Historic Saudi Arabia elections open to Women for the first time. It’s mark of a new era and a walk to the right direction.
Historic voting has taken place in Saudi Arabia’s first elections open to female voters and candidates. More than 5,000 men and around 980 women are standing as candidates, with more than 130,000 women registered to vote compared to 1.35 million men. The historic vote has been seen as a tentative step towards easing restrictions that are among the world’s tightest on women.
Men and women vote separately in the kingdom, where the sexes are strictly segregated. Mozah Alotalbi, who lives in the eastern city of al Khobar, described going along to vote with her mother and three sisters as a “unique” feeling.
She said: “It feels really great to be part of this for the first time as a woman in Saudi.”
The Islamist monarchy, where woman are banned from driving and must cover themselves from head to toe in public, was the last country in the world where only men were allowed to vote.

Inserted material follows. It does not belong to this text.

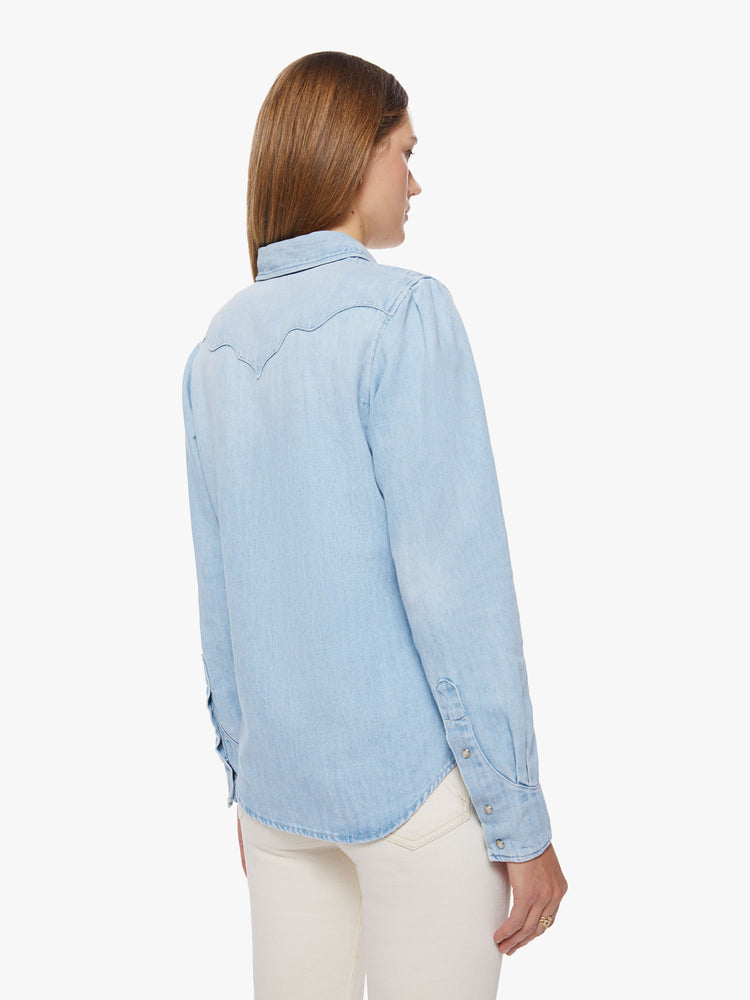 Back view of a woman denim button-up with rounded pockets, yoke detailing, slightly puffed sleeves and a curved hem in a light blue wash.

More than 900 women are running for seats on municipal councils, Saudi Arabia’s only elected public chambers. They are up against almost 6,000 men competing for places on 284 councils whose powers are restricted to local matters, including responsibility for streets, public gardens and rubbish collection.

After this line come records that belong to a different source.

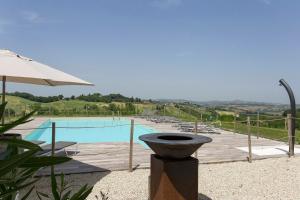 a swimming pool with a table and an umbrella at Agriturismo Unico Senso in Montottone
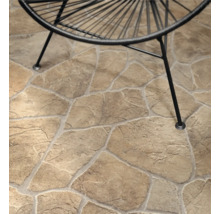 Polygonalplatten in Natursteinoptik auf einer Terrasse mit den Beinen eines Gartenstuhls.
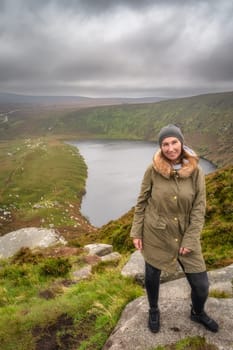 Woman standing on the rock on the top of the mountain and smiling, lake, Lough Bray, down in background. Hiking in Wicklow Mountains, Ireland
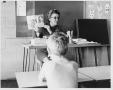 Photograph: Children's Center Instructor Reading to Her Class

The first historic municipal polls will open at 8am on Saturday and close at 5pm, local time (5am-2pm GMT) and counting will begin on Sunday. Gender segregation at public facilities meant that female candidates were unable to directly meet the majority of voters men during their campaigns. Women also said voter registration was hindered by bureaucratic obstacles, a lack of awareness of the process and its significance, and the fact that women could not drive to sign up. This means that fewer than one in 10 voters are women and few, if any, female candidates are expected to win.

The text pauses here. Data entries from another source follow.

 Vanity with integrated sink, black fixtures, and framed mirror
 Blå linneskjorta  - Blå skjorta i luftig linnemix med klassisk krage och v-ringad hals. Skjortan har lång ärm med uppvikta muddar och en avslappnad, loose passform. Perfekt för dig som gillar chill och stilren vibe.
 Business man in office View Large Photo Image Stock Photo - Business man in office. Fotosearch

However, one-third of the seats are appointed by the municipal affairs ministry, which means female candidates could still be assigned some seats. The oil-rich country boasts modern infrastructure, but women still face many restrictions and must get permission from male family members to travel, work or get married.
Saudi Arabia, which is ruled by the al-Saud family of King Salman, has no elected legislature and has faced intense scrutiny from the West over its human rights record. A slow expansion of women’s rights began four years ago under Salman’s predecessor Abdullah, who announced that women would join the elections this year. The kingdom’s first municipal ballot in 2005 was for men only.